You hold a catacomb of memories.
I wait outside your door to catch fragments.
How much can any of us know
of what preceded? We interrogate
doors we cannot pass through,
look at shadows through keyholes.
*
Can I trace the path of your flight from Egypt
in the old grainy black and white photographs
of a young man and a younger woman
honeymooning in Luxor over sixty years ago,
in the French you speak with an Egyptian accent,
or those long nights playing cards in the lounge room
in clouds of cigarette smoke, the murmuring of
Egyptian voices transplanted across the world
billowing like the sail of a felucca in my childhood sleep?
*
You strolled along the Corniche
in Alexandria when you were a girl,
moved to Cairo,
fell down the stairs and cracked open
your head when you were ten (we can still
feel the scar through your hair),
recall blocks of ice hauled from the street
to the balcony, siestas and lazy afternoons
at The Club, visits to Groppi’s.
I imagine a world moving around you
like the intricate workings of a watch:
you were immersed in friends, community,
large family gatherings, a hubbub of siblings,
warm and close.
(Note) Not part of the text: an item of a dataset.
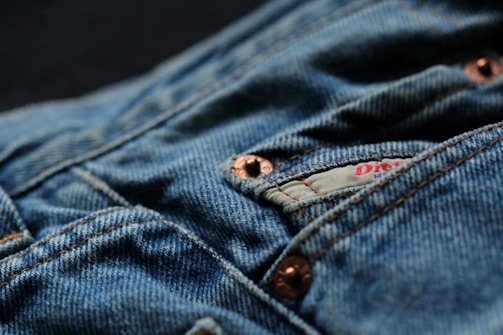 Rongzhiyue: blue denim button up jacket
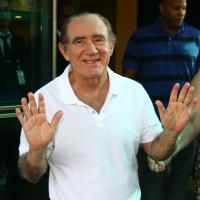 Renato Aragão deixa hospital após 5 dias internado: 'Agora tenho uma vida nova!'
Looking back
from this distance, it seems carefree
like the young woman in the photographs,
but I can see only shadows: and your
mother’s early death in childbirth,
your father, your beloved father.
You were caught in the spokes
of history’s turning wheel.
A plague of war came closer, Rommel
pushing through the desert to El Alamein,
synagogues destroying their records,
the threads of your life unravelling
— and further unravelling
even as Israel was being born,
even as a tide of refugees,
a great ingathering of the displaced
landed on her shores —
with waves of departure,
family splintering off to America,
to England, to Israel, one after
the other — the mass dispersion
of everything known,
everything familiar, everything.
*
Leaving is not a simple thing:
what is left behind? What comes
with you? What stowaways?
Affix a moment to it:
the act of leaving — boarding ship
at Port Said in 1952;
or the commitment to leaving —
the Australian crew bringing
you a birthday cake,
wishing you ‘many happy returns’
and your puzzled response:
‘I’m not going back’.
A moment as artifice:
to mark passage, to denote
before and after, despite
the continuum of leaving:
making landfall, arriving
elsewhere, continuing.
*
The Egypt of your childhood
receded before you left,
before you took what few possessions
you were allowed — leaving behind
what was already gone;
taking with you what you imagined
you were leaving —
and boarded the ship to your future
with hardly a backward glance.
The sea parted before you.
You were young then
and the future lengthened into
a fall of manna, a dazzling antipodean
light that you entered
and kept entering for sixty years.
*
But Egypt kept returning —
in accents or turns of phrase,
in phone calls,
in visitors at your door
from Brazil or Europe:
messengers from an earlier life.
In the mornings, the rich smell
of Turkish coffee — Dad going through
the elaborate ritual, the practised
science of making it, his daily gift
of smell, of taste, of texture
from another land, another time.
*
Curious, I went back thirty years later,
returning to the Egypt I had never left
and never known, attached by an umbilicus
steeped in history. I looked to find my face
or its echo in a Cairo crowd,
but the half life of your quarter life is short,
and there were no traces: it takes so
little time to be obliterated, for all the markings
to disappear, buried in a sea of sand.
*
Each year at Pesach we remember the Exodus
in ritual, in food and song, in stories:
your story overlaying the biblical —
exodus upon exodus,
always leaving, lost markings hidden
though marking generation after generation.